Tuesday, April 21, 2015

The Addiction of Too Much



Today I had a pivotal moment – something I have been working towards for several months now, something that I have really struggled to attain – a moment of boredom.  Well, perhaps not boredom… but for a few minutes, I had nothing to do.  This was a victory.

You see, I used to be bored all the time, and I enjoyed it.  I was single, so my days were work, go home and chill out reading or watching tv.  On the weekends I would hang with friends.  Oh there were the occasional episodic drama moments in life, but generally… that was it.  Until about 5 years ago.  Let’s run down the last five years and then laugh as we compare it to what I just wrote.
  • 2010 – I met my future husband, married him, and before the year was out we were expecting our first child.  That was a big year.
  • 2011 – The first year of marriage coupled with pregnancy hormones.  Fun.  I worked until about 2 months before the baby and then quit my job forever (that was a great moment!).  Then the baby came, and the first few months were a bit of a struggle for some tedious reasons I won't go into at the moment.  But we all made it through and sallied forth.
  • 2012 – The first part of the year was almost mellow, and I foolishly thought things were calming down, so I decided to start an intermediate course in herbalism. Until baby #1 turned one year old and I realized then that baby #2 was on the way.  Then we (and about 70% of our possessions) had to move out of our house for a month for some desperate repairs.  Then move back in.
  • 2013 – In hindsight, this was a year of peace.  Despite regular ups and downs, the arrival of baby #2 was smooth and we had a wonderful transition.  I wrapped up my course and opened up a small (very small) little business in herbal goodness.  Amazingly the school that I learned under wanted to hire me as an instructor!  AND take advanced work in aromatherapy!  How could I resist that?  But by December we knew things were about to change…

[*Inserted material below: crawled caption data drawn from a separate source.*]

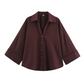 💖LAST DAY SALE 50% OFF💖Women’s Lightweight Linen-Blend Shirt – Elegant Wide Sleeve & Notched Lapel ✨ | Breathable, Wrinkle-Resistant🌸🇬🇧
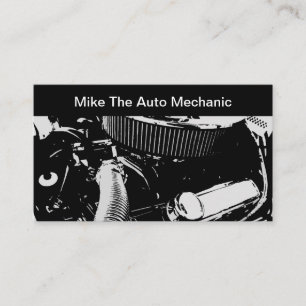 Auto Mechanic Theme Business Card
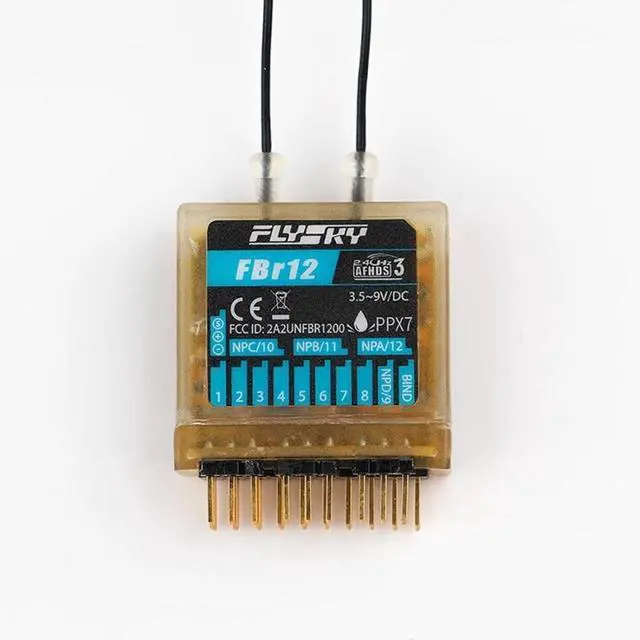 Alt view image 3 of 6 - HTLNUZD Flysky FBr12 Receiver 12 Channel Waterproof Enhanced - Compatible with PL18/NB4/NB4 Lite Transmitters, Supports AFHDS 3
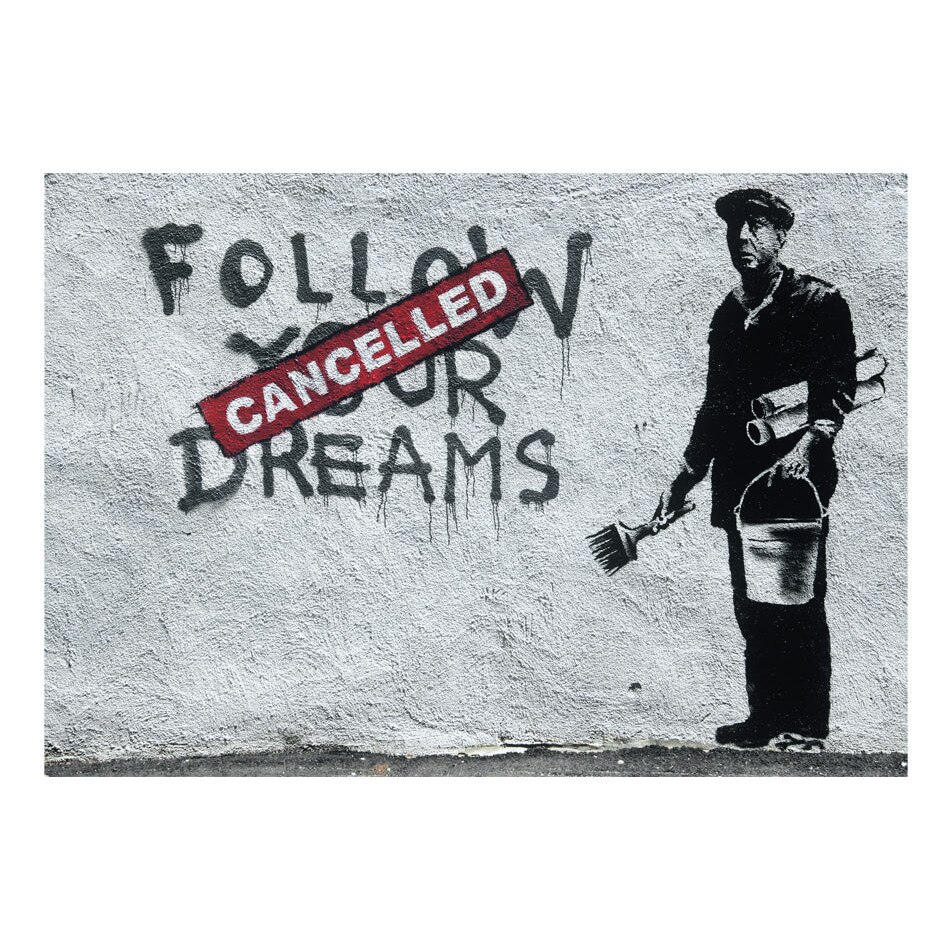 Fototapet vlies - Drepturile anulate Banksy - 400 x 280 cm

  • 2014 – The Year of the Big Move.  We completely uprooted and took a gamble on a new job in a much, much larger city.  Really, it was a smooth transition and the move has been a great step for us, but it still, any huge change has its toll on both the family unit and the individuals.  I continued to work and study and my entrance into our new city was invigorating to say the least.  I wanted to do EVERYTHING.  Learn! Teach! Open multiple businesses! Blog! the list really was extensive…and insane.  Because somehow I had translated the sweetness of pipe dreams into attempting to do "all the things" in a very literal sense.  By the end of the year I was completely burned out and overwhelmed with everything I was trying to do. And I might add, I wasn't doing any of these things particularly well.

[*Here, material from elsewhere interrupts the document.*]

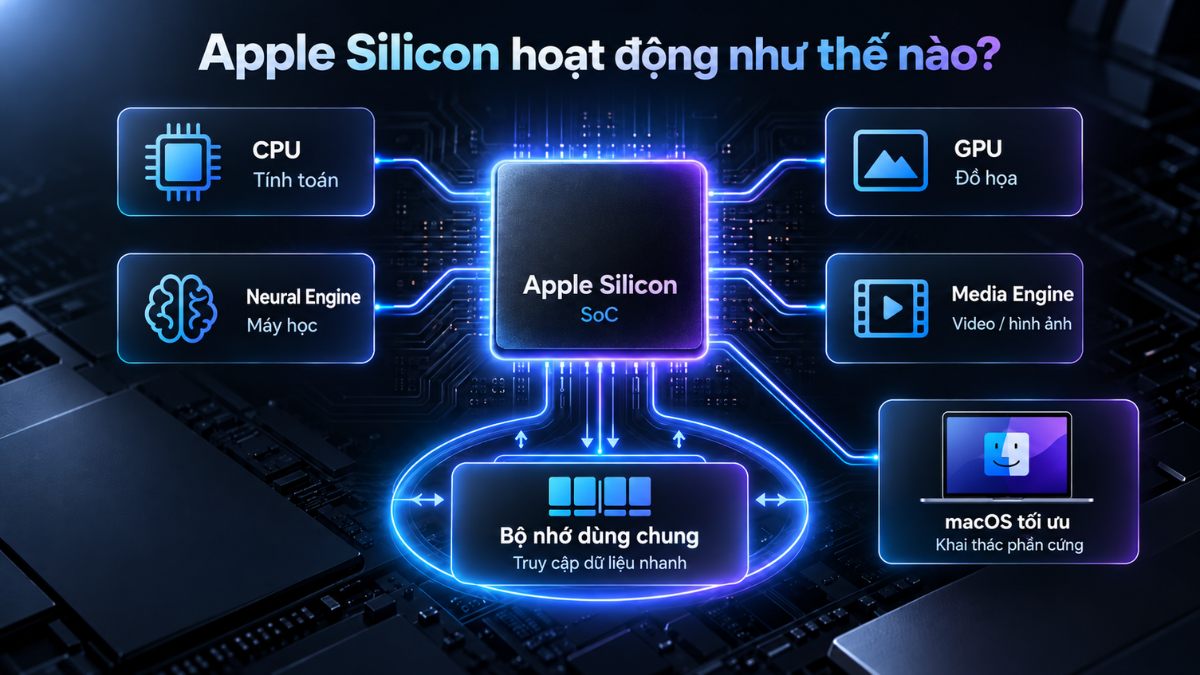 Apple Silicon hoạt động như thế nào?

And this little summary really covers just the basics – there is so much it doesn’t cover.  But what I really can’t communicate is the incessant (and needless) DRIVE I increasingly felt.  I don’t know if it stemmed from years of working, and guilt that I was staying home with my children.  Or did I feel like I had no value in what I was doing and kept looking for more?  Or somewhere along the way did this person who used to value “quiet time” no longer face an empty moment or peaceful silence.  I’m not sure what happened but that is what I had become.  Afraid of stillness, suspicious of silence, and ceaseless busy – yet often without purpose.  But filling my time entirely wasn’t working.  I was spinning my wheels without actually getting anything done.  I was frantic to accomplish something, anything, and yet the reality was I was doing too much without intention, so nothing was satisfying or complete.  And what was worse, I had the nagging feeling that my girls' sweet baby years were sweeping by me, unnoticed.  It wasn't that I was too busy (or mothers everywhere would be guilty of the same problem), it was my attitude and approach to that busyness.  I was entirely and completely self-absorbed.  I need to stop and smell the flowers, but I wasn't sure how...or even if...I could pull myself from the brink.  It was an addiction, and it was foul.